### TASK PROMPT
Every line from the one holding "Kitchen - 3643" to the end of the entries should be repeated exactly, with the pictures left out.

### WORKING DATA
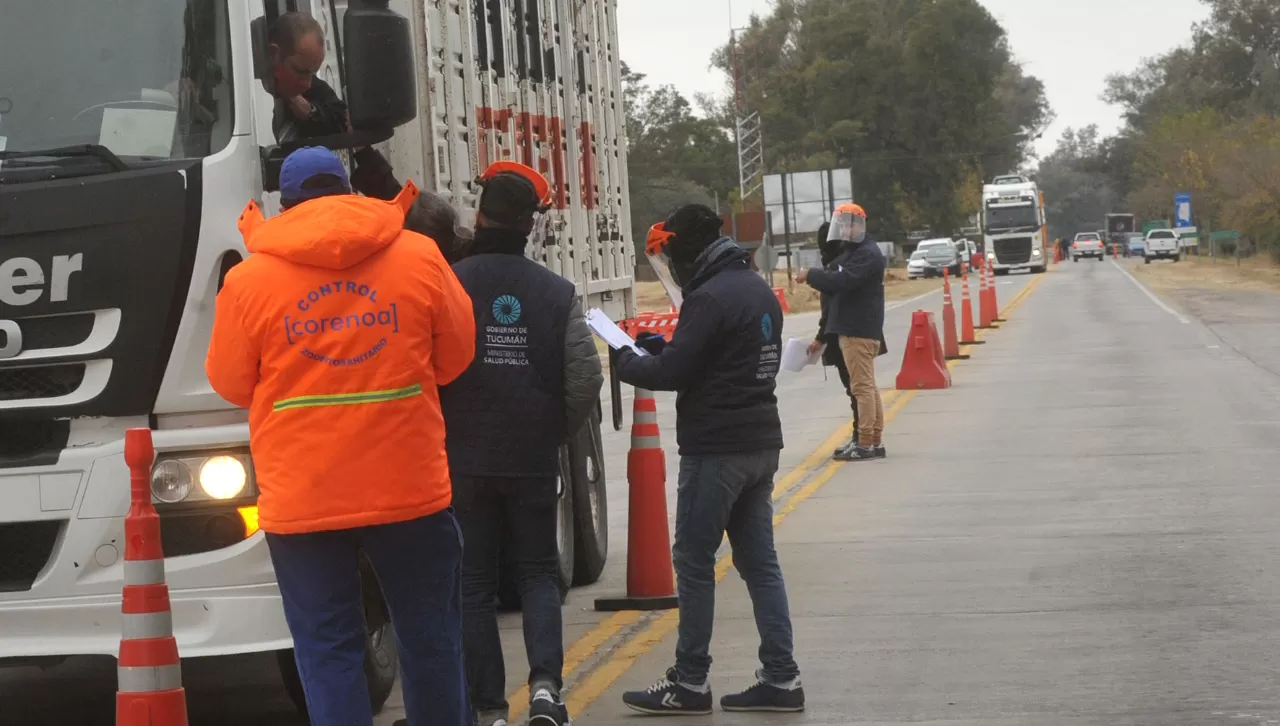 CONTROLES. En los ingresos a la provincia reciben a las personas que llegan a Tucumán y las derivan para el posterior aislamiento.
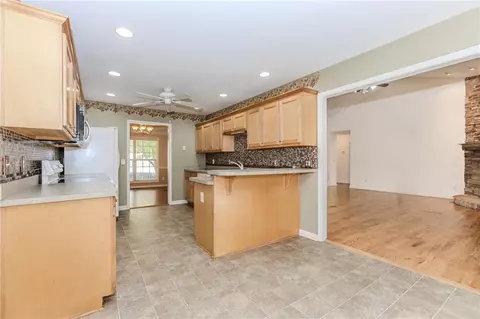 Kitchen - 3643 Flat Run Dr, Bethlehem, GA 30620 photo 3 of 4
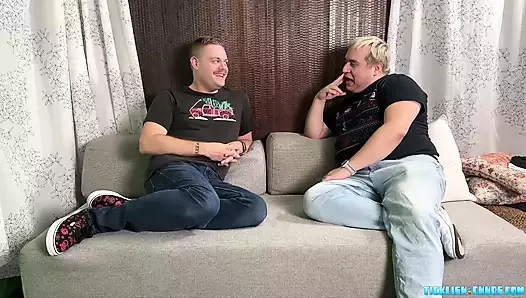 Baskın ayı Matt itaatkar arkadaşı Ryder'ı gıdıklıyor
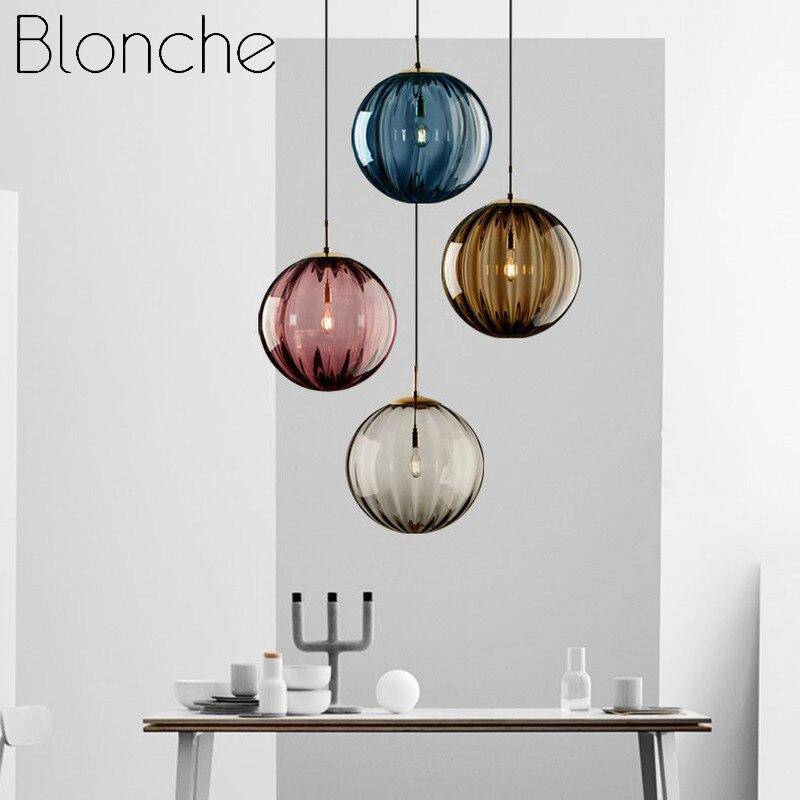 Suspension moderne LED en boule de verre colorée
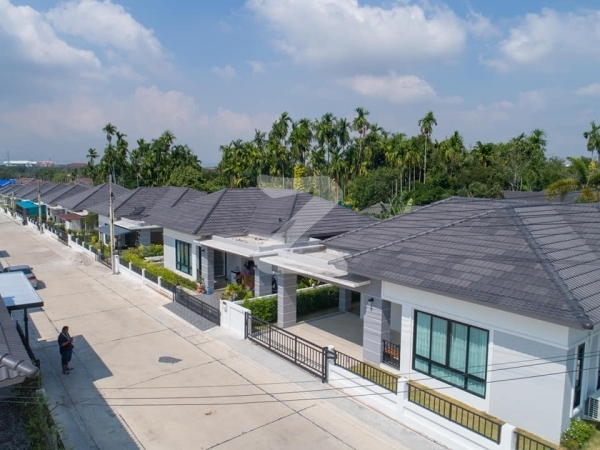 วนารมย์ วิลเลจ Vanarom Village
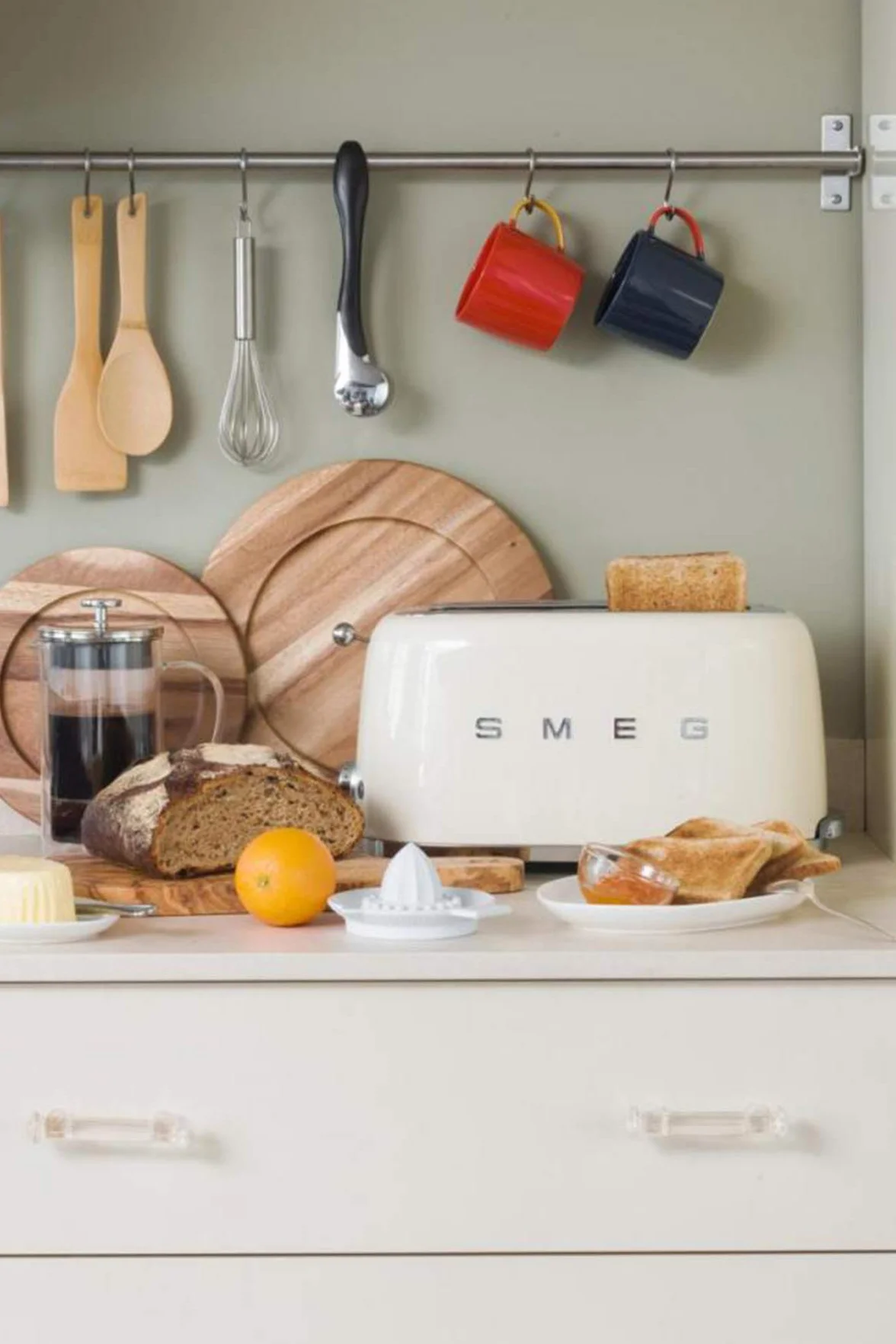 Smeg, Grille-pain 4 Tranches TSF02CREU, 2 Fentes 36 mm, 6 Niveaux de Brunissage, Fonction Chauffage, Décongélation et Bagel, Éjection Automatique du Pain, Ramasse Miettes, 1500 W, Crème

### SOLUTION TO THE EXERCISE
 Kitchen - 3643 Flat Run Dr, Bethlehem, GA 30620 photo 3 of 4
 Baskın ayı Matt itaatkar arkadaşı Ryder'ı gıdıklıyor
 Suspension moderne LED en boule de verre colorée
 วนารมย์ วิลเลจ Vanarom Village
 Smeg, Grille-pain 4 Tranches TSF02CREU, 2 Fentes 36 mm, 6 Niveaux de Brunissage, Fonction Chauffage, Décongélation et Bagel, Éjection Automatique du Pain, Ramasse Miettes, 1500 W, Crème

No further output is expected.